Signed-off-by: Nadav Har'El <nyh@scylladb.com>
2026-03-11 09:41:20 +02:00

508 lines
21 KiB
C++

/*
* Copyright (C) 2015-present ScyllaDB
*
* Modified by ScyllaDB
*/
/*
* SPDX-License-Identifier: (LicenseRef-ScyllaDB-Source-Available-1.0 and Apache-2.0)
*/
#include "utils/assert.hh"
#include "update_statement.hh"
#include "cql3/expr/expression.hh"
#include "cql3/expr/evaluate.hh"
#include "cql3/expr/expr-utils.hh"
#include "cql3/statements/broadcast_modification_statement.hh"
#include "service/broadcast_tables/experimental/lang.hh"

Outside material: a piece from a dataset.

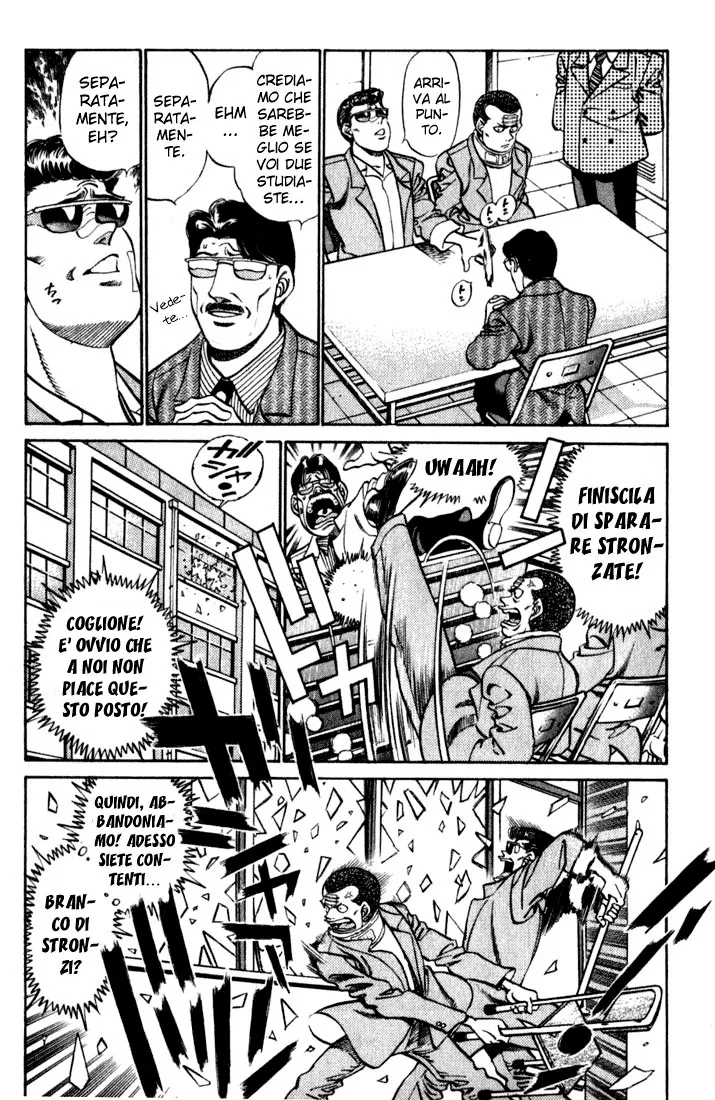 Read Hajime no Ippo IT Manga Online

#include "raw/update_statement.hh"
#include "raw/insert_statement.hh"
#include "unimplemented.hh"
#include "cql3/operation_impl.hh"
#include "cql3/lists.hh"
#include "cql3/maps.hh"
#include "cql3/sets.hh"
#include "cql3/user_types.hh"
#include "types/json_utils.hh"
#include "types/list.hh"
#include "types/map.hh"
#include "types/set.hh"
#include "types/user.hh"
#include "types/concrete_types.hh"
#include "validation.hh"
#include "dht/i_partitioner.hh"
#include <optional>
namespace cql3 {
namespace json_helpers {
/*
* According to CQL3+JSON documentation names wrapped with double quotes
* should be treated as case-sensitive, while regular strings should be
* case-insensitive.
*/
static std::unordered_map<sstring, rjson::value> handle_case_sensitivity(rjson::value&& value_map) {
std::unordered_map<sstring, rjson::value> case_sensitive_map;
for (auto it = value_map.MemberBegin(); it != value_map.MemberEnd(); ++it) {
sstring name(rjson::to_string_view(it->name));
if (name.size() > 1 && *name.begin() == '"' && name.back() == '"') {
case_sensitive_map.emplace(name.substr(1, name.size() - 2), std::move(it->value));
} else {
std::transform(name.begin(), name.end(), name.begin(), ::tolower);
case_sensitive_map.emplace(std::move(name), std::move(it->value));
}
}
return case_sensitive_map;
}
std::unordered_map<sstring, bytes_opt>
parse(const sstring& json_string, const std::vector<column_definition>& expected_receivers) {
std::unordered_map<sstring, bytes_opt> json_map;
auto prepared_map = handle_case_sensitivity(rjson::parse(json_string));
for (const auto& def : expected_receivers) {
sstring cql_name = def.name_as_text();
auto value_it = prepared_map.find(cql_name);
if (value_it == prepared_map.end()) {
continue;
} else if (value_it->second.IsNull()) {
json_map.emplace(std::move(cql_name), bytes_opt{});
prepared_map.erase(value_it);
} else {
json_map.emplace(std::move(cql_name), from_json_object(*def.type, std::move(value_it->second)));
prepared_map.erase(value_it);
}
}
if (!prepared_map.empty()) {
throw exceptions::invalid_request_exception(format("JSON values map contains unrecognized column: {}", prepared_map.begin()->first));
}
return json_map;
}
}
namespace statements {
update_statement::update_statement(
audit::audit_info_ptr&& audit_info,
statement_type type,
uint32_t bound_terms,
schema_ptr s,
std::unique_ptr<attributes> attrs,
cql_stats& stats)
: modification_statement{type, bound_terms, std::move(s), std::move(attrs), stats}
{
set_audit_info(std::move(audit_info));
}
bool update_statement::require_full_clustering_key() const {
return true;
}
bool update_statement::allow_clustering_key_slices() const {
return false;
}
void update_statement::execute_operations_for_key(mutation& m, const clustering_key_prefix& prefix, const update_parameters& params, const json_cache_opt& json_cache) const {
for (auto&& update : _column_operations) {
if (update->should_skip_operation(params._options)) {
continue;
}
update->execute(m, prefix, params);
}
}
void update_statement::add_update_for_key(mutation& m, const query::clustering_range& range, const update_parameters& params, const json_cache_opt& json_cache) const {
auto prefix = range.start() ? std::move(range.start()->value()) : clustering_key_prefix::make_empty();
if (s->is_dense()) {
if (prefix.is_empty(*s) || prefix.components().front().empty()) {
throw exceptions::invalid_request_exception(format("Missing PRIMARY KEY part {}", s->clustering_key_columns().begin()->name_as_text()));
}
// An empty name for the value is what we use to recognize the case where there is not column
// outside the PK, see CreateStatement.
// Since v3 schema we use empty_type instead, see schema.cc.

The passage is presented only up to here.